**What is being asked**
Everything from the line with "Six-Bedroom Holiday Home" down to the line with "T2 calme avec vue mer et borne de recharge" below must be printed exactly, those two lines included. Exclude pictures.

**Material shown**
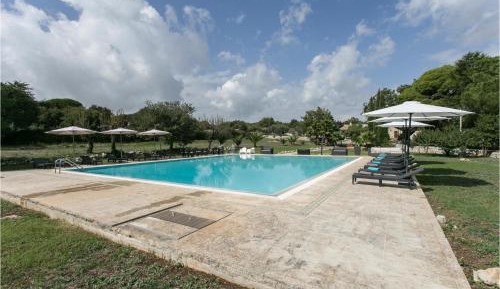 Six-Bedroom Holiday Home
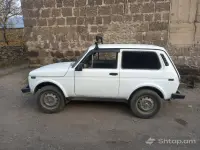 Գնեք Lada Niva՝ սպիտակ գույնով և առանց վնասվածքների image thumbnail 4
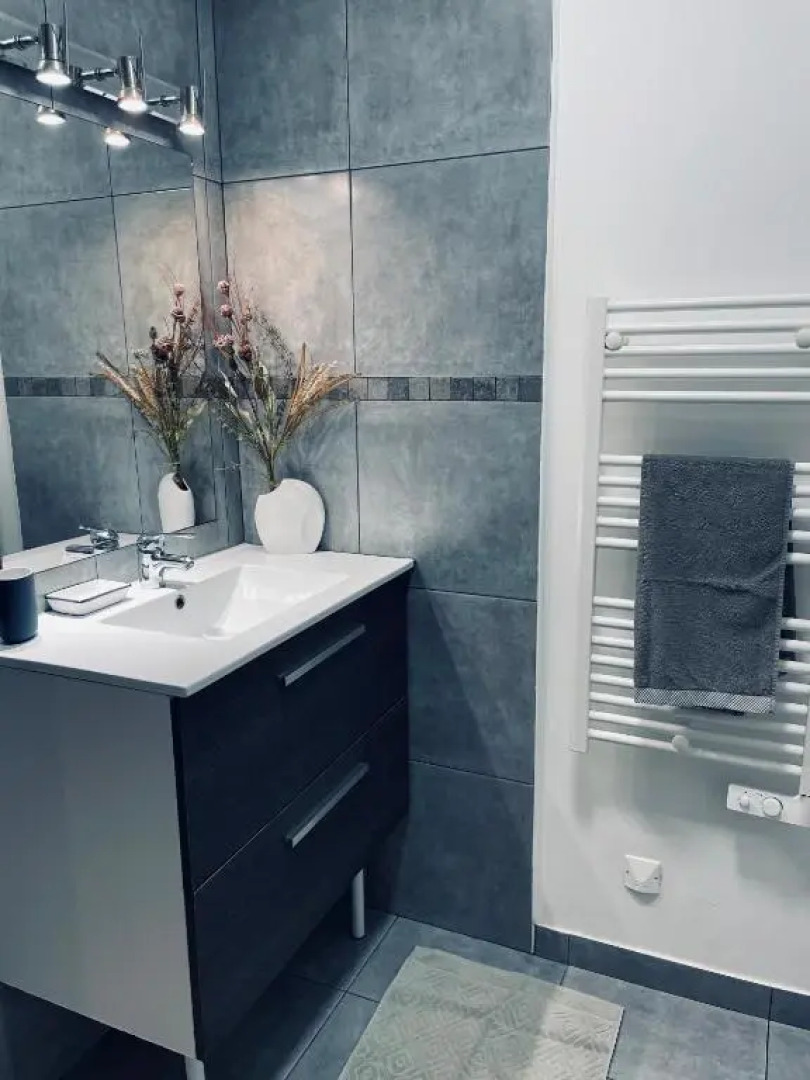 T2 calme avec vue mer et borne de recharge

...

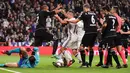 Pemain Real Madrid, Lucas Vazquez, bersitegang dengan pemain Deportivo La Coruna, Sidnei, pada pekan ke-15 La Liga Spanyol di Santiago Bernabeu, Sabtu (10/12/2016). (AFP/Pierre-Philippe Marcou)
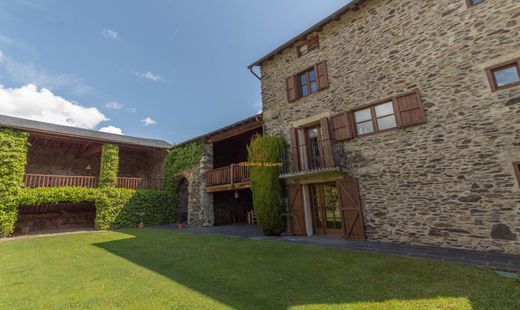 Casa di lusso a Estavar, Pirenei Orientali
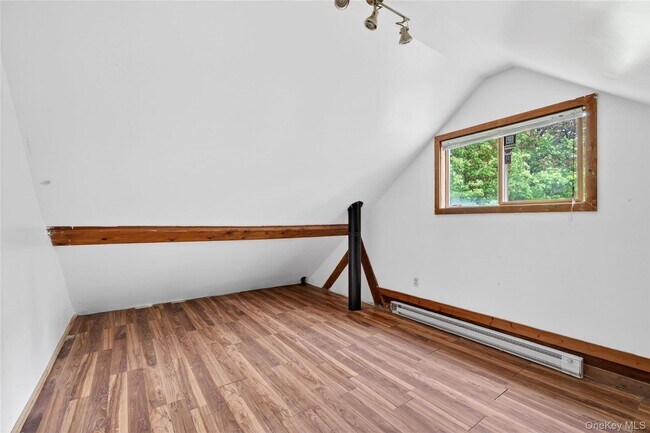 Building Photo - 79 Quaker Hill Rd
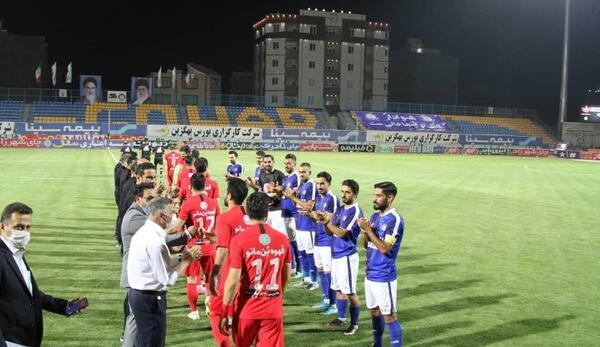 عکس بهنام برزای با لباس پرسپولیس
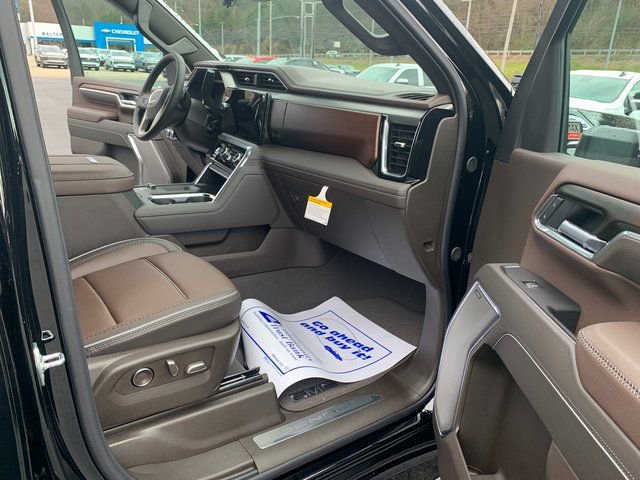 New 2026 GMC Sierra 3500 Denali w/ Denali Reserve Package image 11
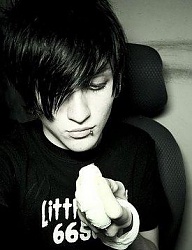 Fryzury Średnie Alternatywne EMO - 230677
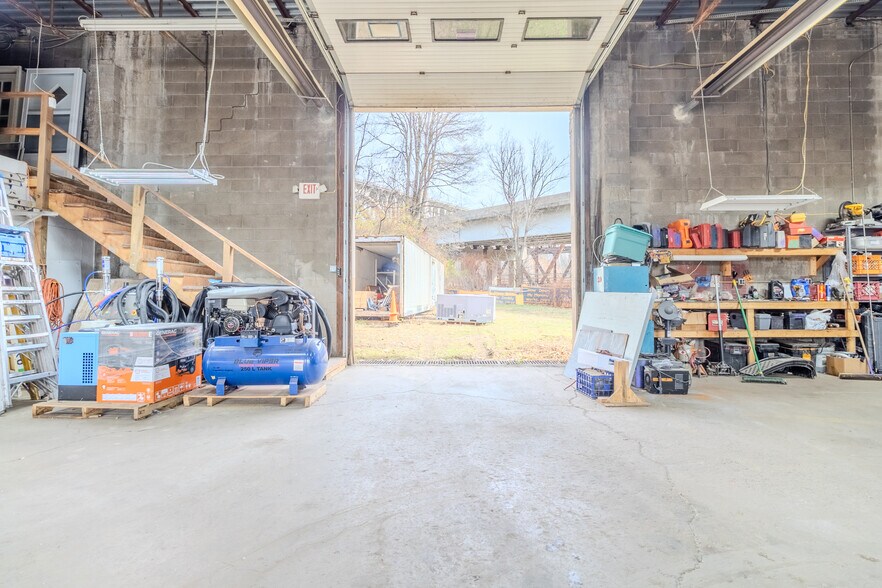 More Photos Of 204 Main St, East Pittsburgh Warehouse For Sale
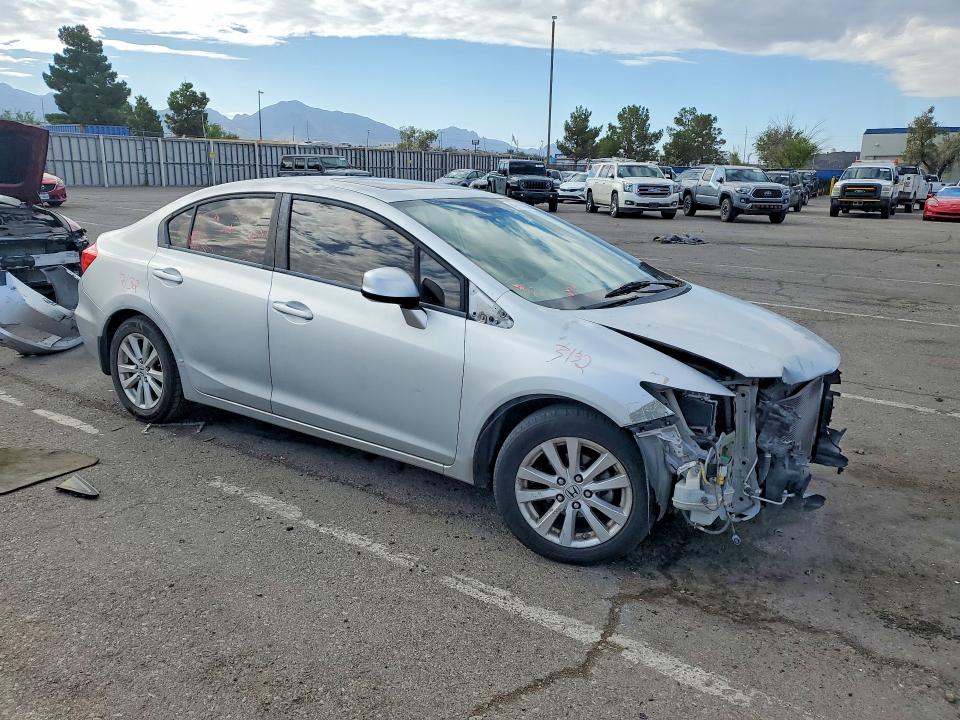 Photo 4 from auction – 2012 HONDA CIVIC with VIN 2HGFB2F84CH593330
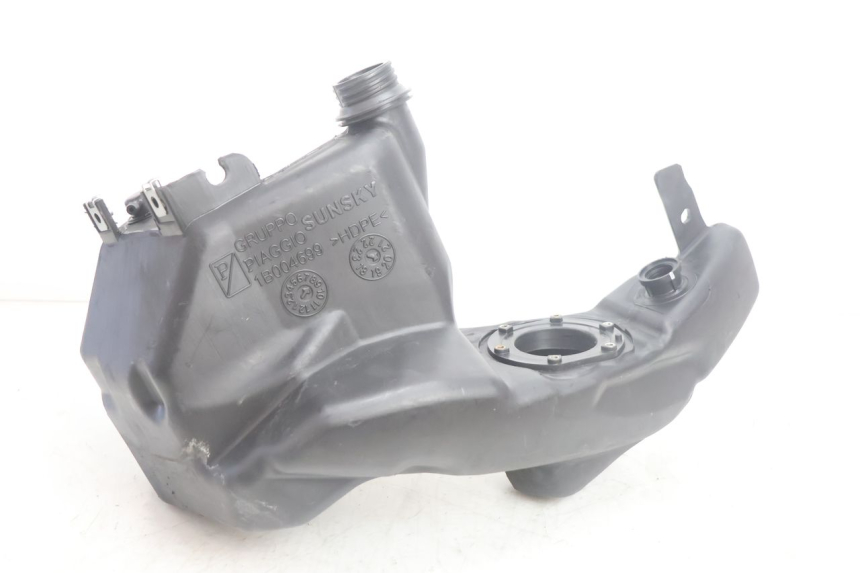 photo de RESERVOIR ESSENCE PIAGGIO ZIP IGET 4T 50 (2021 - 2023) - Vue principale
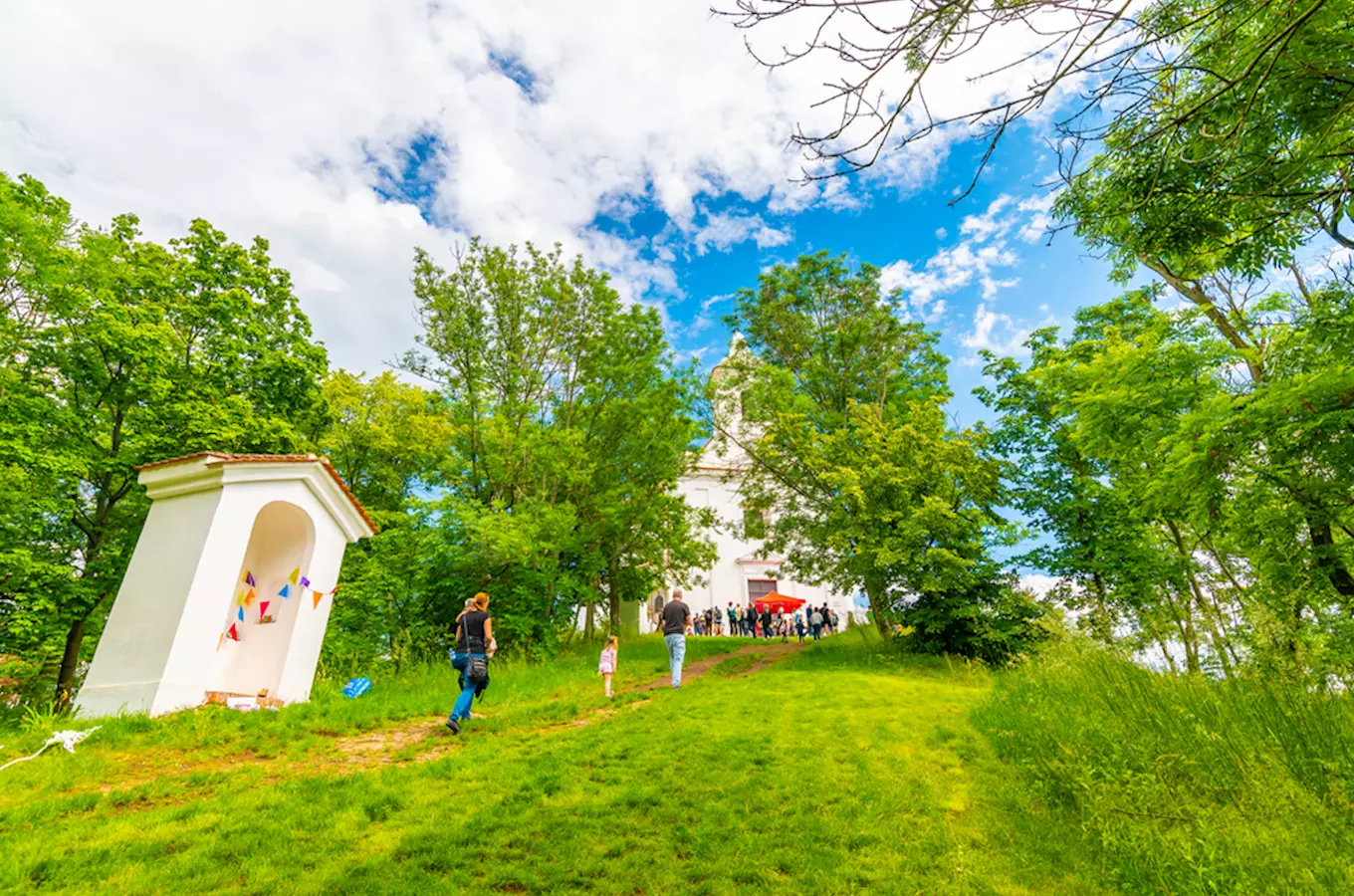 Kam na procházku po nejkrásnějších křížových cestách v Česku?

--

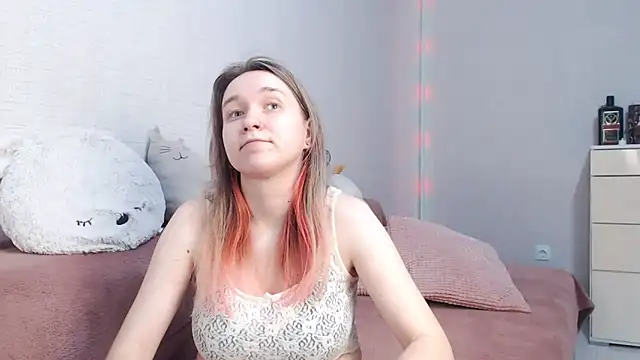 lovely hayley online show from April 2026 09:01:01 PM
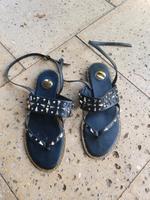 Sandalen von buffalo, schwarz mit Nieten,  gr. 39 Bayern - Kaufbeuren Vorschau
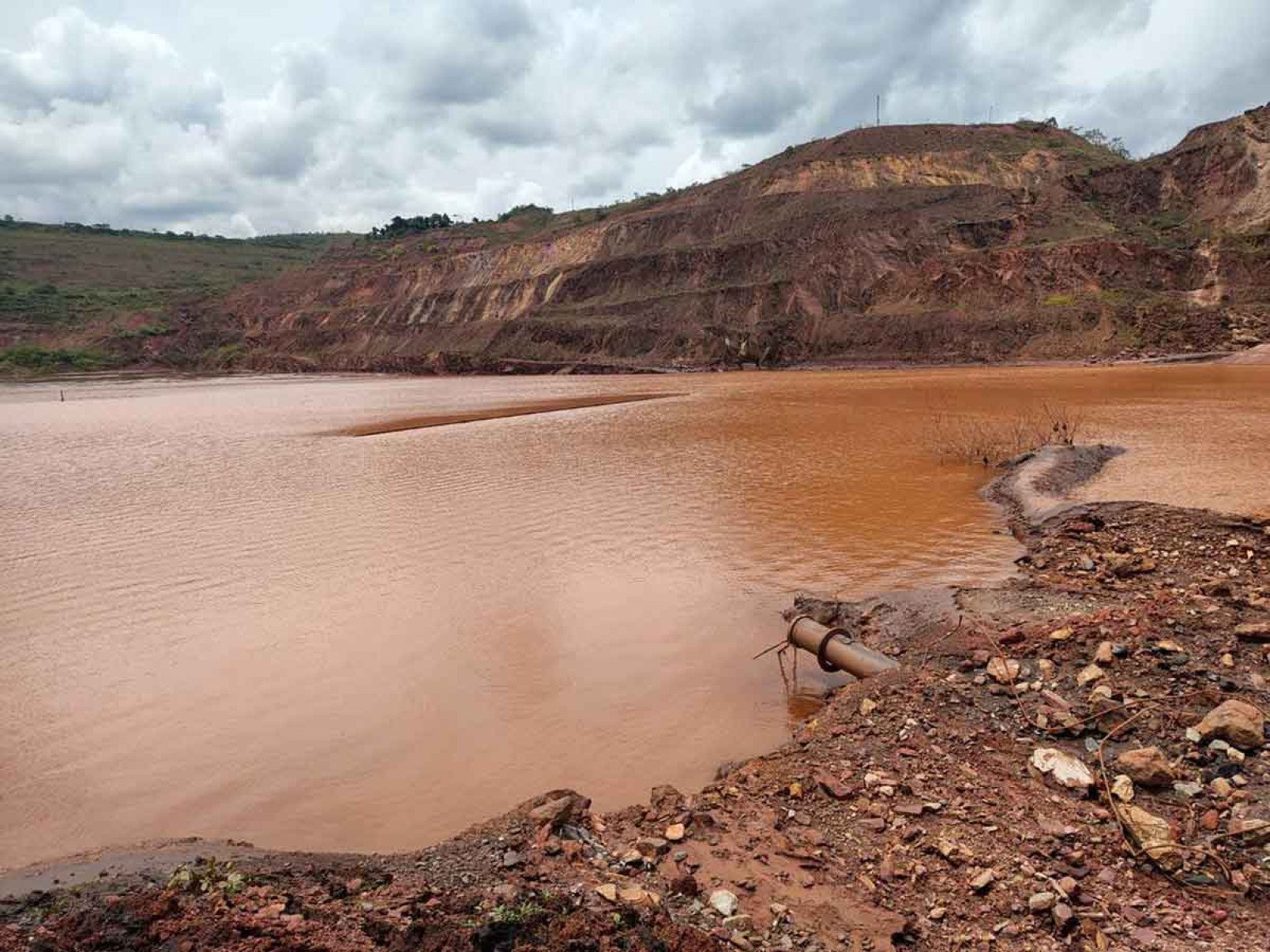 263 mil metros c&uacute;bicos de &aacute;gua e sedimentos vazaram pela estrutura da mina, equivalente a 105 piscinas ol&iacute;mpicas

**Output for this task**
 Six-Bedroom Holiday Home
 Գնեք Lada Niva՝ սպիտակ գույնով և առանց վնասվածքների image thumbnail 4
 T2 calme avec vue mer et borne de recharge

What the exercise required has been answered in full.